Tempi di consegna biblici: incrocia le braccia il trasporto container nel porto di Napoli

1 settembre 2016

Ha ottenuto “massima partecipazione” l’agitazione promossa da oggi sul porto di Napoli dalla FAI locale per ripristinare le condizioni di sicurezza per il personale viaggiante attivo nel trasporto container.
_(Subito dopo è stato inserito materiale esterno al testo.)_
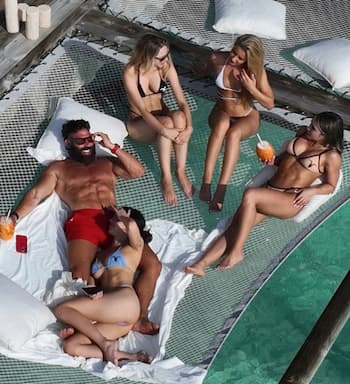 Lebensstil Dan Bilzerian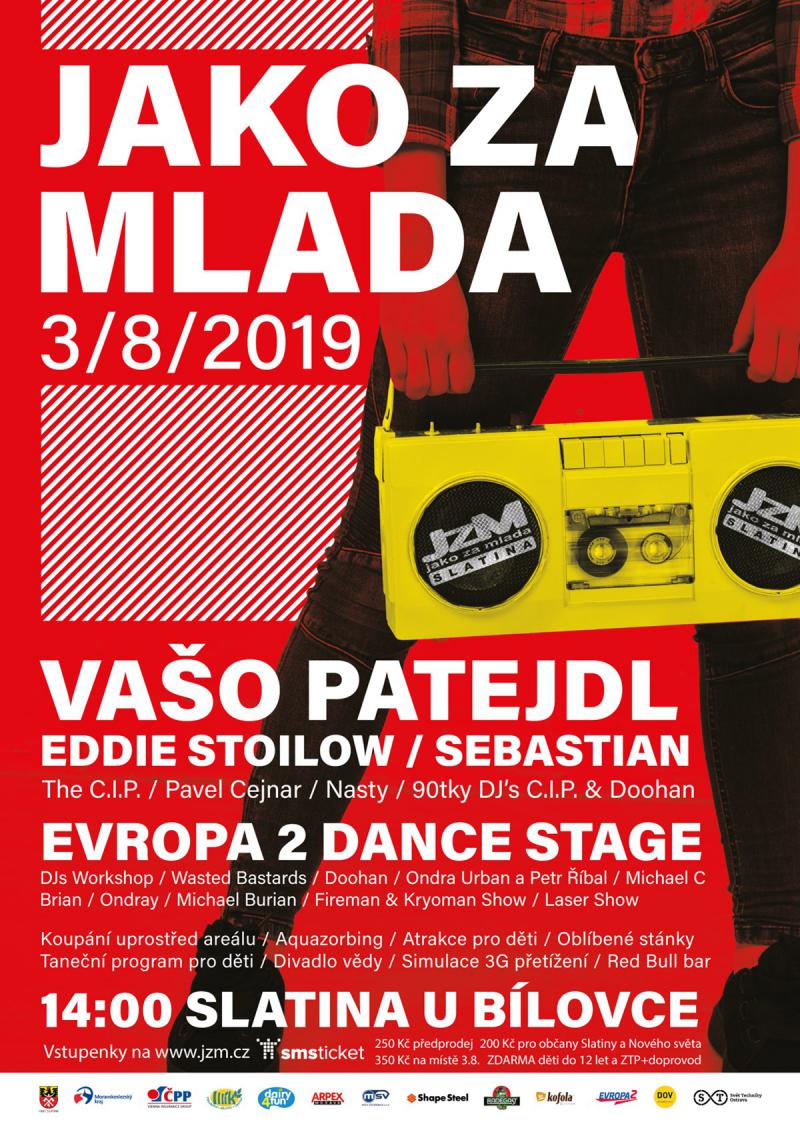 Jako za mlada - Slatina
All’origine della protesta, che andrà avanti fino al 3 settembre, ci sono i lunghi tempi di attesa che da mesi si registrano sullo scalo partenopeo e che di fatto impediscono di rispettare le normative sulle ore di guida e di riposo. Anzi, lo stop delle attività, limitato soltanto a quelle legate alla consegnare e al ritiro ai terminal, serve proprio a far rispettare i parametri orari del lavoro mensile e bimestrale. Rimangono normalmente attive tutte le altre attività.

Per affrontare la questione è stata convocata una riunione presso l’Autorità Portuale di Napoli solo per il prossimo 6 settembre e proprio per questo i rappresentanti dei trasportatori che oggi si sono riuniti per fare un punto della situazione hanno auspicato un intervento immediato delle istituzioni e un coinvolgimento della MSC per trovare soluzioni in tempi rapidi.

Informiamo pure che, in relazione al traffico container, il commissario straordinario dell'Autorità portuale di Napoli ha diffuso ieri un'ordinanza con cui informa che «a decorrere dalle ore 7 dell'1 settembre 2016, per una durata presunta di giorni 15 e comunque fino al termine dell'esigenza, il varco S. Erasmo resterà chiuso al traffico veicolare. Per l'uscita dall'ambito portuale i veicoli trasportanti container vuoti utilizzeranno in alternativa il varco Bausan secondo i percorsi indicati dalla segnaletica predisposta dall'Autorità portuale».